Introduction

Welcome! Data to Sound is a program for sonifying time series data into the MIDI format. This document will walk you through the usage, algorithm, and basic architecture of the program.

Getting Started– Loading Data

Visit the program page. If you have a CSV file you would like to work with, go ahead and drop it right on the page. Be sure the file has headers. If you do not have a file of your own, that is fine! Click the button to load the demo dataset. (The demo dataset contains two columns: an arbitrary time series, and a copy of that time series but shifted down and with a small random error added to it.)

Configuring the Sonification

The core of the sonification is the parameter map. In this program, a parameter refers to an aspect of the resulting sound that can be controlled, such as the pitches of the notes or the volume of the track over time. The main purpose of the program is to map columns in your CSV file to these sound parameters.

On this screen, you can set the parameter map. Each row of the table represents a parameter you can configure. The leftmost dropdown of each row allows you to pick which CSV column will map to each parameter. The other dropdown allows you to configure how the column of data is measured. To understand this better, we need to look briefly at the algorithm that drives the sonification– check out the next section for this! If you’d rather get right to the sonification, the default setting of mean is a pretty sensible choice.

You are not required to use every column of your data, and you are not forbidden from using the same column for multiple parameters. The only requirement is that you must set up at least one mapping. You’ll likely want this to be pitch, so you can actually hear something!

The last row of the table, before the Sonify button, allows the user to specify the location of the web server providing the sonification engine. You will likely not need to change this ever, unless you are developing your own additions to the engine. You can read the section about the program architecture for information on this.

Finally, click the Sonify button to access the playback interface!

The Key Algorithm– Segmentation

How do we translate the data into sound? We could assign a note to each data point, but that would likely be very noisy, and not capture the trend of the data “as a whole”. Instead, we break the data into chunks over time, and translate each chunk into a note. These chunks are called segments.

To create our list of segments, we first let every two elements form a segment (ie. 1 & 2, 3 & 4, …). From there, we repeatedly merge two consecutive segments that “make sense to merge”, in that we merge the two whose data points increase or decrease in a continuous way. Consider, for instance, a set of points that travel up and down in the pattern of a sine wave; you can imagine that we would want to group all the points that travel up from a “valley” (y = -1) to a “peak” (y = 1). We would want to avoid grouping points that are at the top of the peak, since that segment travels up and then down, instead of one continuous motion.

The algorithm does this by considering every pair of adjacent segments and fitting a simple linear regression on their combined set of points. Whichever pair of segments yields the regression with the lowest mean squared error ends up being merged.

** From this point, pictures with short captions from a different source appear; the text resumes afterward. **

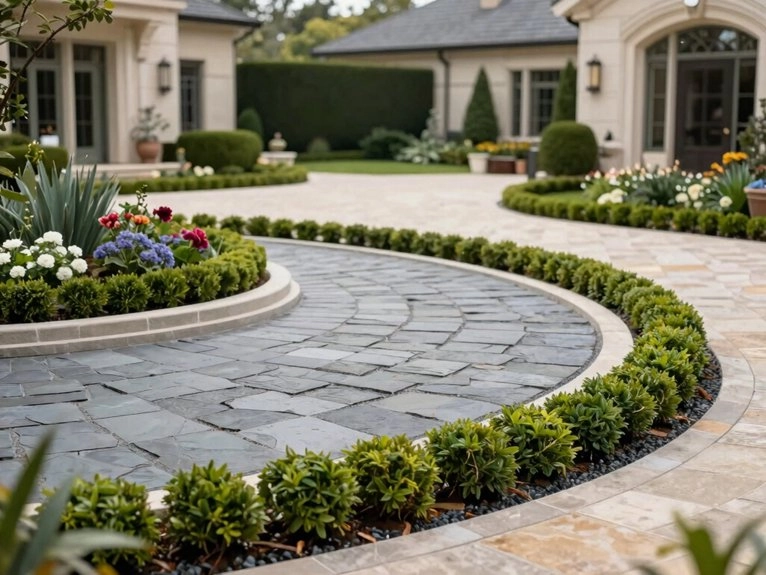 crisp curved bordered driveway edges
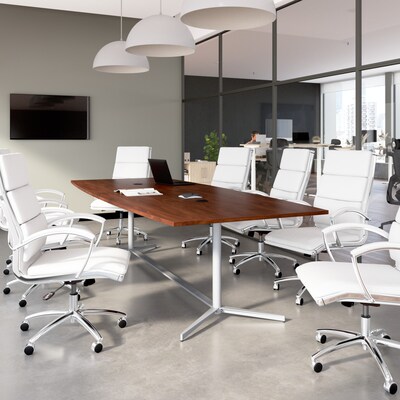 Bush Business Furniture 120W x 48D Boat Shaped Conference Table with Metal Base, Hansen Cherry (99TB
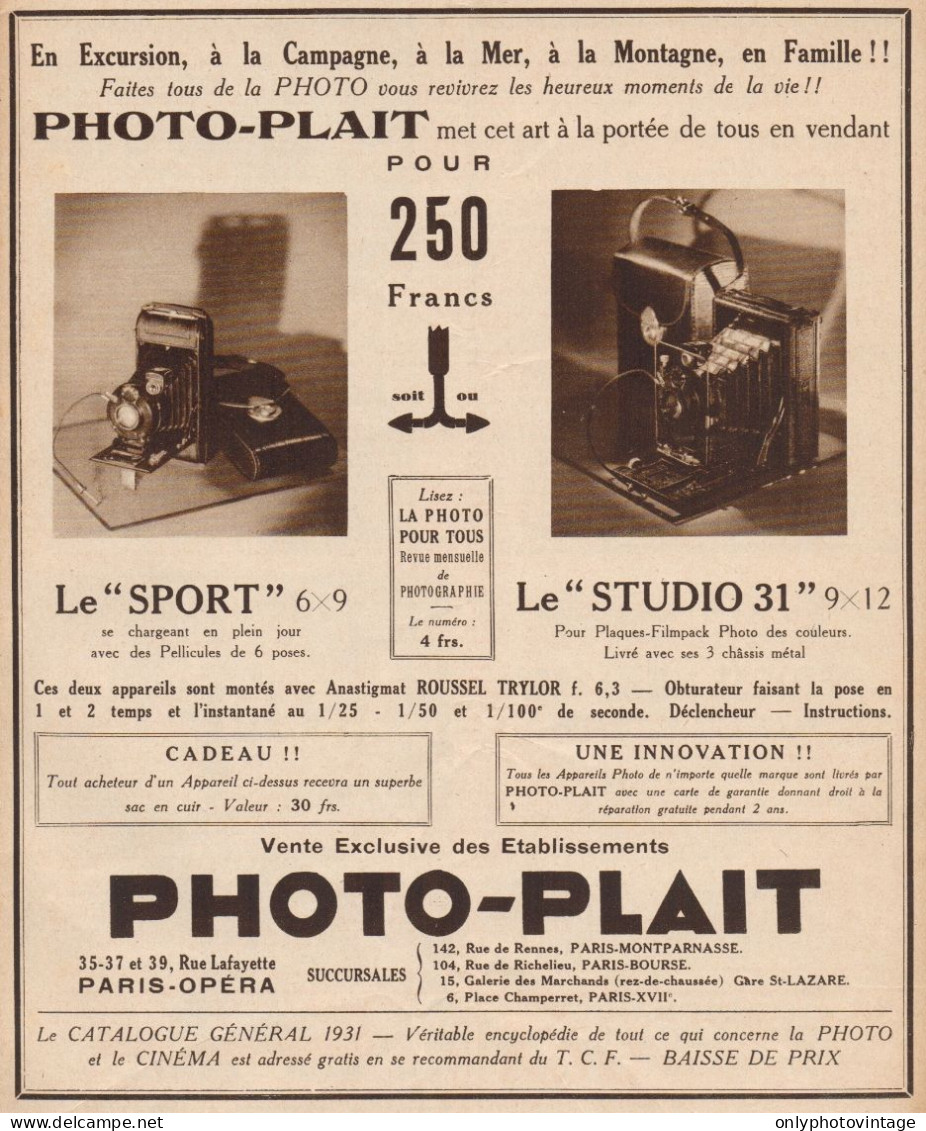 Apparecchi Fotografici PHOTO-PLAIT - Pubblicità D'epoca - 1931 Old Advert - Publicidad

Now, how do we convert each segment to a note? We need to decide two things: the “value” of the note, and the duration of the note. The duration of the note is easy to consider– each data point represents a small chunk of time, so longer segments yield longer notes. But how do we decide which pitch, volume, etc. gets assigned to a note, given this chunk? We apply a “measurement function” to it– the functions listed in the rightmost dropdowns in the configuration table.

When we take the mean, min, max, or length of each segment, we’re reducing each one to a single value that can then be used as the pitch, volume level, etc. of the note. This value then undergoes a linear mapping to the range of desired pitches, volume levels, etc. (Actually, panning is slightly more involved; after the linear mapping, I take the cubed root, as it pushes values closer to the extremes -1 (left pan) and 1 (right pan), making the effect more interesting and easier to perceive.)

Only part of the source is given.